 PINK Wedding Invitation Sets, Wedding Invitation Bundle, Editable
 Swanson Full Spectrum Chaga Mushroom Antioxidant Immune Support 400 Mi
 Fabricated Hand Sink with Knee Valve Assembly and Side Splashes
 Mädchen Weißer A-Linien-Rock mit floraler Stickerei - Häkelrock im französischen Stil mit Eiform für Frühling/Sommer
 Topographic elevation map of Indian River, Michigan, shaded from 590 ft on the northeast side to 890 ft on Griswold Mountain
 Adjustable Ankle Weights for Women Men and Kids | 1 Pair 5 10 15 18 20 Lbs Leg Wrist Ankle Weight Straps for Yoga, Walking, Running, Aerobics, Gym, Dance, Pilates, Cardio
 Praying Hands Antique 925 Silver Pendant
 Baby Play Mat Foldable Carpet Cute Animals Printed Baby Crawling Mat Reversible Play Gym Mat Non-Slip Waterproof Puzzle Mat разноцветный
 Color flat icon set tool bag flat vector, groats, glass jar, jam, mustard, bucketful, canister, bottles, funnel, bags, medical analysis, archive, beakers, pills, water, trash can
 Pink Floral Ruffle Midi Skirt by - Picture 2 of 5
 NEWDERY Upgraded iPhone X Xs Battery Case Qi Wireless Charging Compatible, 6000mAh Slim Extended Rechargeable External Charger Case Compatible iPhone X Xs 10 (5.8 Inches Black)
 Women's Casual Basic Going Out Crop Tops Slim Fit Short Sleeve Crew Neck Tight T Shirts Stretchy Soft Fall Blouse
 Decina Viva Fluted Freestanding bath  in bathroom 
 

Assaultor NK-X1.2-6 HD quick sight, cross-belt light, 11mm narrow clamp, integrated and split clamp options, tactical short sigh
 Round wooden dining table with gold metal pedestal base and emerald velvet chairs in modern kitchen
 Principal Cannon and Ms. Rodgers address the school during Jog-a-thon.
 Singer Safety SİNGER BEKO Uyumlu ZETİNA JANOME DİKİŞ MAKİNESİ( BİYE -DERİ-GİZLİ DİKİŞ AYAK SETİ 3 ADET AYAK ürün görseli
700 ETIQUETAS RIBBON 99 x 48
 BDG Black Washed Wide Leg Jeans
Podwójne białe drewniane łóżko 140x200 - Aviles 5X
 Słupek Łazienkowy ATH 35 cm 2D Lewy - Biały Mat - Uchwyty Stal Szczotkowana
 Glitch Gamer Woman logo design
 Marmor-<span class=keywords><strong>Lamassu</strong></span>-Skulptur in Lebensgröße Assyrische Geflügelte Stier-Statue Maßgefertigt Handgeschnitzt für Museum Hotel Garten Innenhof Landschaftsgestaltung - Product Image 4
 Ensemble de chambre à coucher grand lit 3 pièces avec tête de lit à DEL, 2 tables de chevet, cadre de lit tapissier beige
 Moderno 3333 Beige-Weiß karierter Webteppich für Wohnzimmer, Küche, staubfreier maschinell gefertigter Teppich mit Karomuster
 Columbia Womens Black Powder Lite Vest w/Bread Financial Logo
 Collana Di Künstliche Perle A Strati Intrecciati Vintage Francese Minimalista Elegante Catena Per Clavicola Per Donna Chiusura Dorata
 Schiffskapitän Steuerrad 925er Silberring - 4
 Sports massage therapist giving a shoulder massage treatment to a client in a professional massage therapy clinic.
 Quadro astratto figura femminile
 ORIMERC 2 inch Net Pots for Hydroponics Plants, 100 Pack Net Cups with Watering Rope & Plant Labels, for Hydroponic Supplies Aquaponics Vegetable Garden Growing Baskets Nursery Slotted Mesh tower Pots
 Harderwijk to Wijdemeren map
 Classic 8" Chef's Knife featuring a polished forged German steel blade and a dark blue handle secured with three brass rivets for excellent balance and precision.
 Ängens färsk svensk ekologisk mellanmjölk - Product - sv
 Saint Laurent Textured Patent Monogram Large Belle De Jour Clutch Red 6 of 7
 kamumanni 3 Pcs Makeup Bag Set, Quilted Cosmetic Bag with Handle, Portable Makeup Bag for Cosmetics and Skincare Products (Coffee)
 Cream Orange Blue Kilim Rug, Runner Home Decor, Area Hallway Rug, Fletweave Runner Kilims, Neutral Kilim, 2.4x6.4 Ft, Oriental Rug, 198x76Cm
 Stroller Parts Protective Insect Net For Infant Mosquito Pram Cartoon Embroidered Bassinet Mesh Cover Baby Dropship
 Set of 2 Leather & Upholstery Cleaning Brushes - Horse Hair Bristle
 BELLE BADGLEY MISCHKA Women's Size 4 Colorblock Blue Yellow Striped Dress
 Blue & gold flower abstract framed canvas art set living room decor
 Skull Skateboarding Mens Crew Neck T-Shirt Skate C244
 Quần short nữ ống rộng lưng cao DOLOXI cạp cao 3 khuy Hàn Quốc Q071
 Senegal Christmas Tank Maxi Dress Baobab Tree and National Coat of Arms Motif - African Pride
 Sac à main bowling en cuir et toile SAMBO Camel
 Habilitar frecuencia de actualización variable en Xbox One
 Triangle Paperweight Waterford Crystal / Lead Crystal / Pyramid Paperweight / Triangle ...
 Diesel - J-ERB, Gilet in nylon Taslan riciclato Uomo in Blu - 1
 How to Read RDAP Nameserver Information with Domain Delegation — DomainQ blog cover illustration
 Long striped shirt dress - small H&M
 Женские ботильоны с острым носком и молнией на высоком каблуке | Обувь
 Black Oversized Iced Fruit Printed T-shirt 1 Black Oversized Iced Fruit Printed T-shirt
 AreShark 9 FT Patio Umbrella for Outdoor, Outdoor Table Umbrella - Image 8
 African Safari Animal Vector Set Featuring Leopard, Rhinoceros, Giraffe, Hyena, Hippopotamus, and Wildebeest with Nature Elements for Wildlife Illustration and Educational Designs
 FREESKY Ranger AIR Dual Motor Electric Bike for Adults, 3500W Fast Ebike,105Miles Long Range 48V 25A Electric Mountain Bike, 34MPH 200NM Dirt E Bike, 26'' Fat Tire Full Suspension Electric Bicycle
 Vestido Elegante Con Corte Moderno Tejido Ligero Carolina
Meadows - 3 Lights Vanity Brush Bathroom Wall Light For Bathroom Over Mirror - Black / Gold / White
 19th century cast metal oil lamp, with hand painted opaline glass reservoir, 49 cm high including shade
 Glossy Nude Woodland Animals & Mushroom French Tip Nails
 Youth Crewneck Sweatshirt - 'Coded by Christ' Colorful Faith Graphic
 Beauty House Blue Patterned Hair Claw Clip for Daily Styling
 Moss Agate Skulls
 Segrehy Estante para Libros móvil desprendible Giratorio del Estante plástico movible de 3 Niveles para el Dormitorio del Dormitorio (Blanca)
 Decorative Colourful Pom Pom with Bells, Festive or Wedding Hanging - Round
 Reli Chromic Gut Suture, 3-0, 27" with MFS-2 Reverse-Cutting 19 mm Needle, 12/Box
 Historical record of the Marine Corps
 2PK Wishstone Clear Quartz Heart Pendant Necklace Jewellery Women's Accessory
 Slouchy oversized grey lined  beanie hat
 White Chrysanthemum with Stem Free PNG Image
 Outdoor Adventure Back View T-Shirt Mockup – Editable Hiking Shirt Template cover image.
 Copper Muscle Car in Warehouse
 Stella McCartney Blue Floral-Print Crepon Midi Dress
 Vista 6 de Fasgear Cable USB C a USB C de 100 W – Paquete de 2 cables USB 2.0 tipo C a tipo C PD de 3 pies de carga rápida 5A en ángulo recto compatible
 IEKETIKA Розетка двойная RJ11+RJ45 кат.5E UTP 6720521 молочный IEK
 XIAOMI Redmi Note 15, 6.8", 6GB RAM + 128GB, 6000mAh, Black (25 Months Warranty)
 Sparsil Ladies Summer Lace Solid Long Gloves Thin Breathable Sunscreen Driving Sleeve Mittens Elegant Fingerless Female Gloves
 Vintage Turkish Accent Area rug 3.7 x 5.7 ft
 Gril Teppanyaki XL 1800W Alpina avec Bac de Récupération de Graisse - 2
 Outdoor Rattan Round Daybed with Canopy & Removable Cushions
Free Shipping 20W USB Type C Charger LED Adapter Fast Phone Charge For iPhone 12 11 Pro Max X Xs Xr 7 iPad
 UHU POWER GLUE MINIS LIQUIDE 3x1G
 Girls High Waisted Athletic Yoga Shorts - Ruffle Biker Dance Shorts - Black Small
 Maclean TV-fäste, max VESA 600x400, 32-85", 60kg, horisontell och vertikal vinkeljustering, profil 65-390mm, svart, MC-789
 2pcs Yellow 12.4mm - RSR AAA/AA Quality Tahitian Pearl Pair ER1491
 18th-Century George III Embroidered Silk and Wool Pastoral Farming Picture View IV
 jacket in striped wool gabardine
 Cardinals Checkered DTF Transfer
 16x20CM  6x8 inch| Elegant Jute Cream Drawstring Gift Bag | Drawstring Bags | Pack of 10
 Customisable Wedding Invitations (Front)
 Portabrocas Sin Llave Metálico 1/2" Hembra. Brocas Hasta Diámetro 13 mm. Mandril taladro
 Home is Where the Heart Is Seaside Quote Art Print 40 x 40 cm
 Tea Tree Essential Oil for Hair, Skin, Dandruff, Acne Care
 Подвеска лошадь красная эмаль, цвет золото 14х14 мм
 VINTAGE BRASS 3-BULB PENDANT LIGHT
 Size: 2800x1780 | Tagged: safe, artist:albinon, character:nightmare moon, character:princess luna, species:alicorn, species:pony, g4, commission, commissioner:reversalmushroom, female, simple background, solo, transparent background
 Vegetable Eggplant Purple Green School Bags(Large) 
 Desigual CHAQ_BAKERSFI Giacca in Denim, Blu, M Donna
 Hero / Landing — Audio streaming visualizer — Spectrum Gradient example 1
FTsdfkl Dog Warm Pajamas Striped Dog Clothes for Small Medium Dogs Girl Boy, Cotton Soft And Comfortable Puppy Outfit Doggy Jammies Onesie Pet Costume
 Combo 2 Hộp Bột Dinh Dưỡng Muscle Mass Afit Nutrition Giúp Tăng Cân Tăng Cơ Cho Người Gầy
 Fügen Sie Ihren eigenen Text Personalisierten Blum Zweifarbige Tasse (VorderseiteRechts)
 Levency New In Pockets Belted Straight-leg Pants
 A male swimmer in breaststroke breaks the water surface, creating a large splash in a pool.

▸ **Exercise prompt**:
All lines in the listing above that contain "African" should be shown.

▸ **Answer to the problem**:
 Senegal Christmas Tank Maxi Dress Baobab Tree and National Coat of Arms Motif - African Pride
 African Safari Animal Vector Set Featuring Leopard, Rhinoceros, Giraffe, Hyena, Hippopotamus, and Wildebeest with Nature Elements for Wildlife Illustration and Educational Designs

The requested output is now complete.